The following is the graph that is the output of the preceding lines of code:

The curves chosen for supply and demand reflect what would be reasonable assumptions: supply increases and demand decreases as the price gets higher. Even with a zero price, the demand is finite (reflecting the fact that there is a limited population interested in the product). On the other hand, the supply curve has a vertical asymptote (not shown in the plot), indicating that there is a production limit (so, even if the price goes to infinity, there is a limited quantity that can be offered in the market).

The equilibrium point of the market is the intersection of the supply and demand curves. To find the equilibrium, we use the optimize module, which, besides providing functions for optimization, also has functions to solve numerical equations. The recommended function to find solutions for one-variable functions is brentq(), as illustrated in the following code:

from scipy import optimize
def opt_func(q):
    return supply(q) - demand(q)
q_eq = optimize.brentq(opt_func, 1.0, 2.0)
print q_eq, supply(q_eq), demand(q_eq)

The brentq() function assumes that the right-hand side of the equation we want to solve is 0. So, we start by defining the opt_func() function that computes the difference between supply and demand. This function is the first argument of brentq(). The next two numerical arguments give an interval that contains the solutions. It is important to choose an interval that contains exactly one solution of the equation. In our example, this is easily done by looking at the graph, from which it is clear that the curves intersect between 1 and 2.

Running the preceding code produces the following output:

1.75322153719 0.616415252177 0.616415252177

The first value is the equilibrium point, which is the number of units (in thousands) that can be sold at the optimal price. The optimal price is computed using both the supply and demand curves (to check that the values are indeed the same).

To illustrate an optimization problem in two variables, let's consider a problem of optimal facility location. Suppose a factory has several manufacturing stations that need materials to be distributed from a single supply station. The factory floor is rectangular, and the distribution rails must be parallel to the walls of the factory. This last requirement is what makes the problem interesting. The function to be minimized is related to the so-called taxicab distance, which is illustrated in the following image:

The first step is to define the points where the manufacturing stations are given, as follows:

points = array([[10.3,15.4],[6.5,8.8],[15.6,10.3],[4.7,12.8]])

The positions are stored as a 4 x 2 NumPy array called points, with one point in each row. The following command produces a plot of the points mentioned in the previous command line:

plot(points[:,0],points[:,1], 'o', ms=12, mfc='LightSkyBlue')

The points are displayed using a circular marker specified by the argument o, which also turns off the line segments connecting the points. The ms and mfc options specify the size of the marker (in pixels) and its color, respectively. The following image is then generated as the output:

The next step is to define the function to be minimized.

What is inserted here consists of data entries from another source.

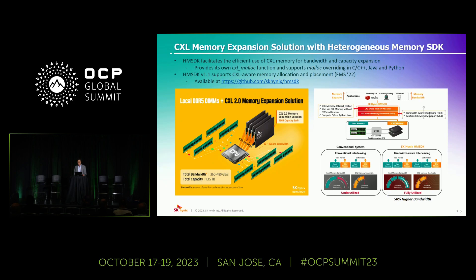The first research activity I'd like to show today is our memory expansion solution with HMSDK, which stands for Heterogeneous Memory Software Development Kit. HMSDK facilitates the efficient use of CXL memory for bandwidth and capacity expansion. It provides a software library for ease of use — allowing software developers to use CXL memory implicitly without modifying software — and also provides software APIs for explicit use of CXL memory. We have implemented a CXL-aware memory allocation and placement technique, which we call bandwidth-aware interleaving, in HMSDK 1.1, announced at last year's FMS event. This open-source software is now publicly available on our GitHub page, and many CPU vendors and server OEMs are already working with us to test and evaluate it.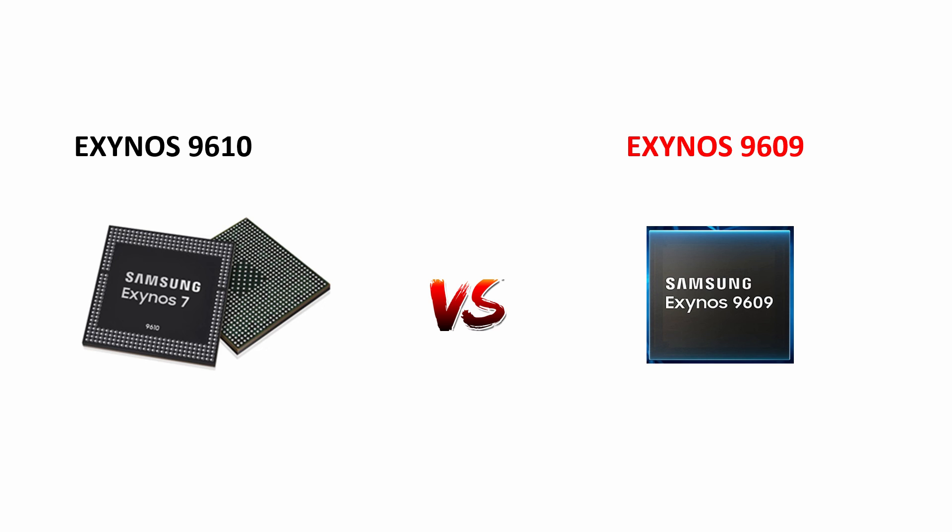What do you guys think about the new Exynos 9609 processor? Do let me know your thoughts in the comment section below. Hope you found this video informative. If you learned something, like it, share it, subscribe to my channel, and press the bell icon to get notified. Thanks for watching and hope to see you in the next video. Take care guys.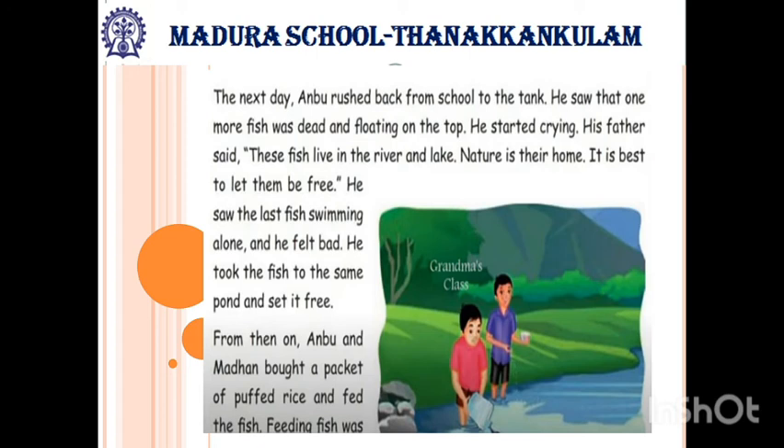The next day, Anbu rushed back from school to the tank. He saw that one more fish was dead and floating on the top. He started crying. His father said, these fish live in the river and lake. Nature is their hope. It is best to let them be free. He saw the last fish swimming alone and felt bad.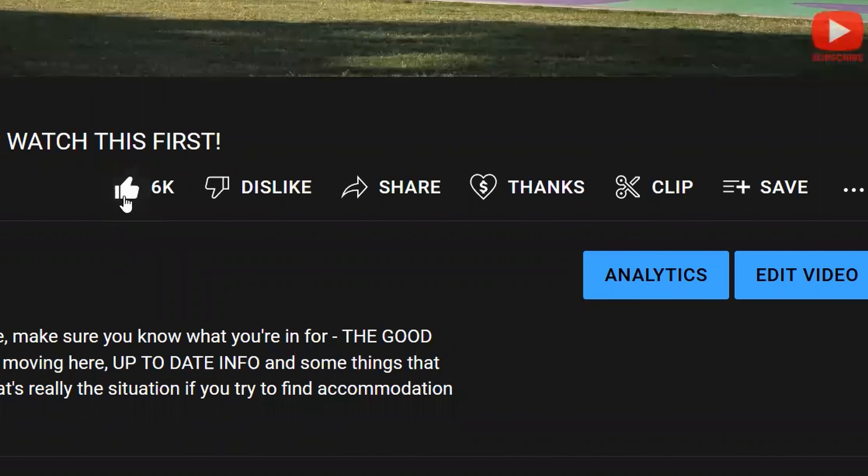If anything in this video was useful to you, then hit the like button so that YouTube knows to show this to more people. If you're thinking of moving to Brisbane or you're new here, this video may be helpful to you. Be sure to subscribe and let me know what you'd like to see more of in the video comments. I'll see you in the next video.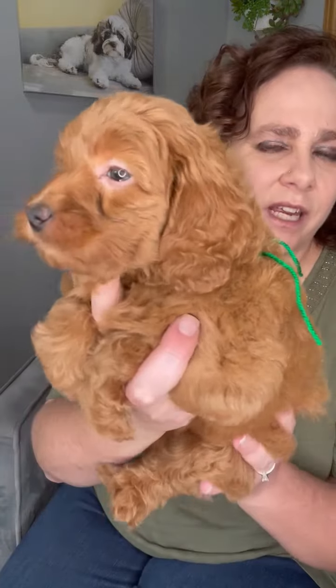Oh, such a pretty girl — beautiful girl. Now her coat has got her fuzzy puppy coat right now that she's gonna blow out at 16 to 20 weeks, but you can tell by looking at her ears and her head that she's gonna have more of the soft wave. So if you like the wave versus the curly on the golden doodles, then Kaylee is an excellent option.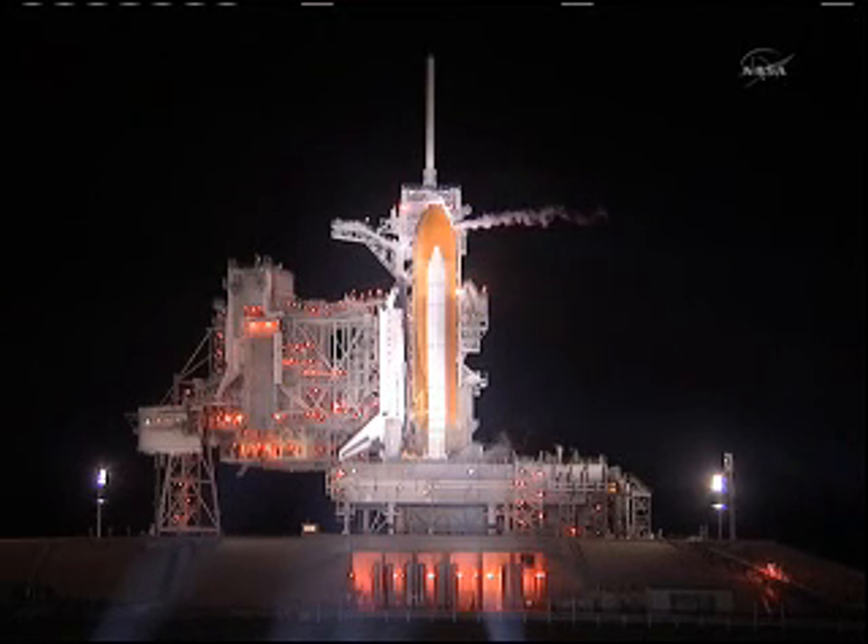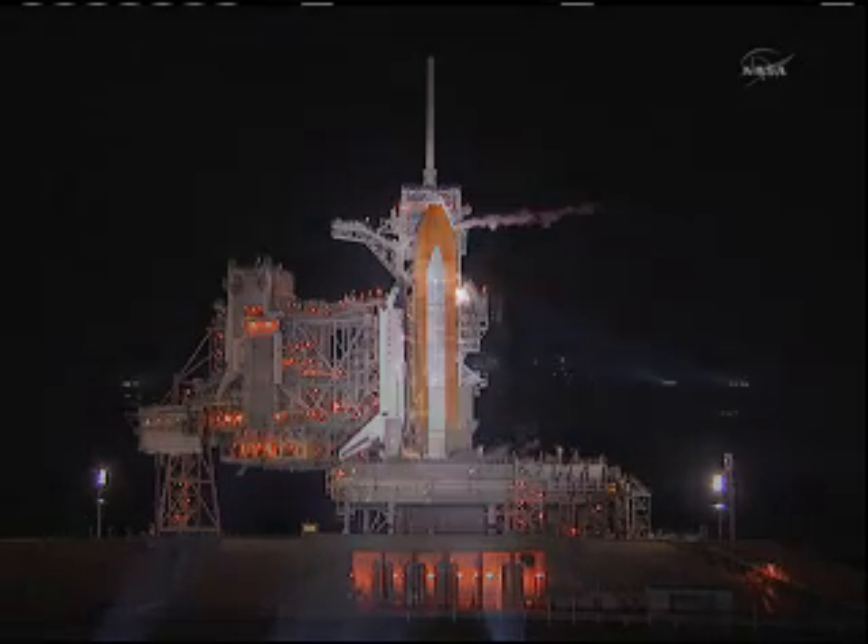We're back now live looking at Space Shuttle Atlantis on Launch Pad 39A, where it is fully fueled for its launch attempt this morning. The tanking process started on time at 2:01 a.m. Eastern and wrapped up slightly ahead of schedule at 4:58 a.m. Eastern. From this shot you can see the Xenon lights bathing the shuttle at its launch pad, and also fire at the launch pad — which is okay, as that's fire from the flare stack burning off the excess hydrogen gas that comes from the external tank during the tanking process.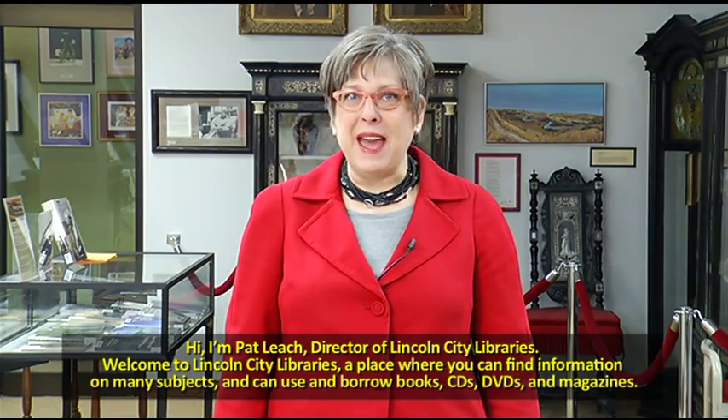Hi, my name is Pat Liege. I'm the director of Lincoln City Libraries. Welcome to the library, a place where you can find information on many subjects and can use and borrow books, CDs, DVDs, and magazines.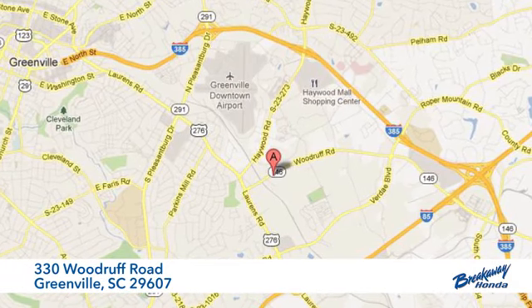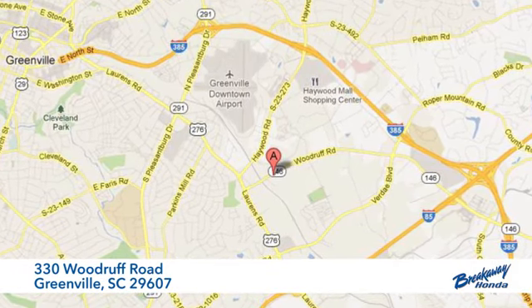Call, click, or stop in today. We're conveniently located at 330 Woodruff Road in Greenville, South Carolina.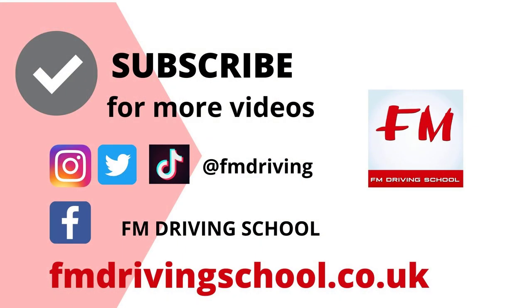Don't forget to like, share and subscribe with FM Driver School. Go to our channel to find more videos on how to pass your theory test, as well as go to our site fmdriverschool.co.uk for loads of tips on how to pass your theory test and your practical driving test.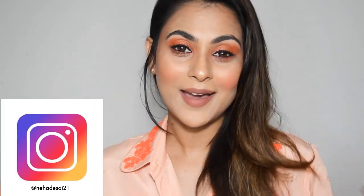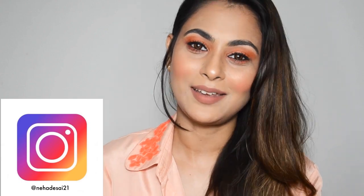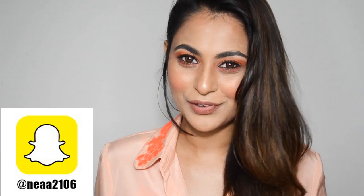So those were all the products I've picked up recently. I hope you enjoyed watching this haul! I thought it made sense to show you what I'm currently using before I start giving full reviews. If you liked this video, please give me a thumbs up and write your thoughts in the comments. Follow me on Instagram at nehadesai21 and add me on Snapchat at neaa2106. Have a great day, stay beautiful, spread happiness and kindness. Bye guys!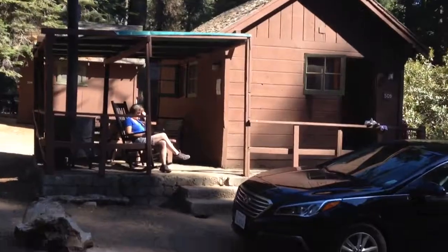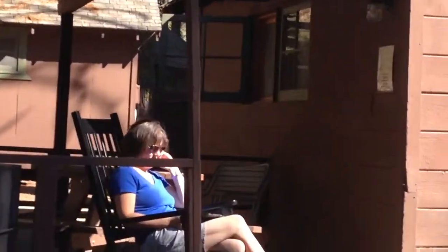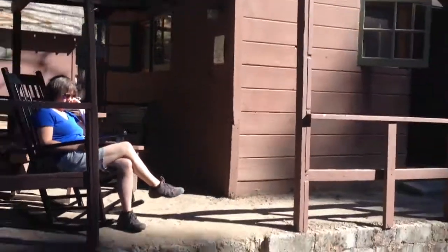That be Mama Reynolds there on the porch. Fire.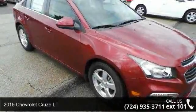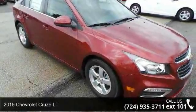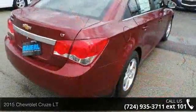Step into the 2015 Chevrolet Cruze LT. If you are looking for a first-rate auto, this one could be yours today.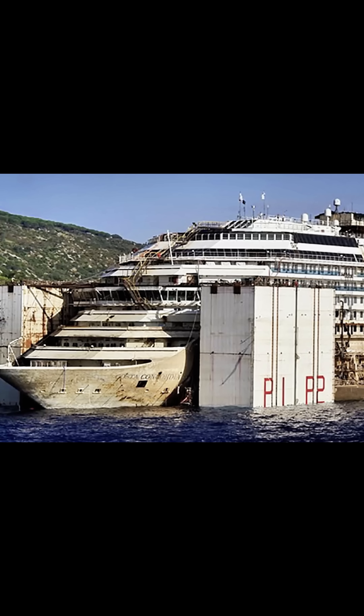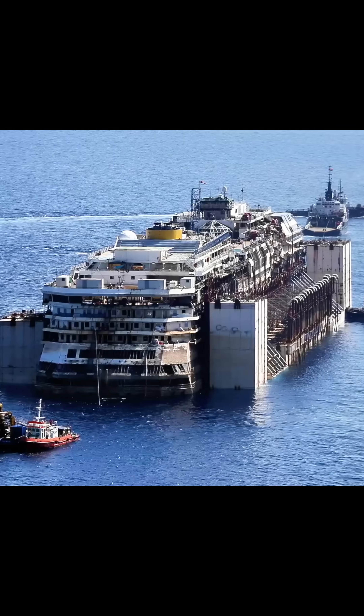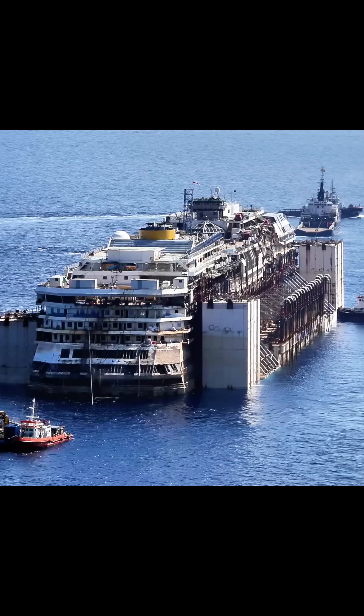Once the Costa Concordia was refloated, the salvage team prepared for the next monumental phase: towing the vessel to the port of Genoa. A fleet of specially equipped tugboats, each chosen for its high towing capacity and reliability in rough seas, was assembled for the job.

We again prefer the approach of defining a function factory, as follows:

def make_txmin(points):
    def txmin_func(p):
        return sum(abs(points - p))
    return txmin_func

The main point of this code is the way in which the taxicab distance is computed, which takes full advantage of the flexibility of the array operations of NumPy. This is done in the following line of code:

return sum(abs(points - p))

This code first computes the vector difference, points-p. Note that, here, points is a 4 x 2 array, while p is a 1 x 2 array. NumPy realizes that the dimensions of the arrays are different and uses its broadcasting rules. The effect is that the array p is subtracted from each row of the points array, which is exactly what we want. Then the abs() function computes the absolute value of each of the entries of the resulting array, and finally sum() adds all the entries. That's a lot of work done in a single line of code!

We then have to use the function factory to define the function that will actually compute the taxicab distance.

txmin = make_txmin(points)

The function factory is simply called with the array containing the actual positions as its argument. At this point, the problem is completely set up, and we are ready to compute the optimum, which is done with the following code:

from scipy import optimize
x0 = array([0.,0.])
res = optimize.minimize(
         txmin, x0,
         method='nelder-mead',
         options={'xtol':1e-5, 'disp':True})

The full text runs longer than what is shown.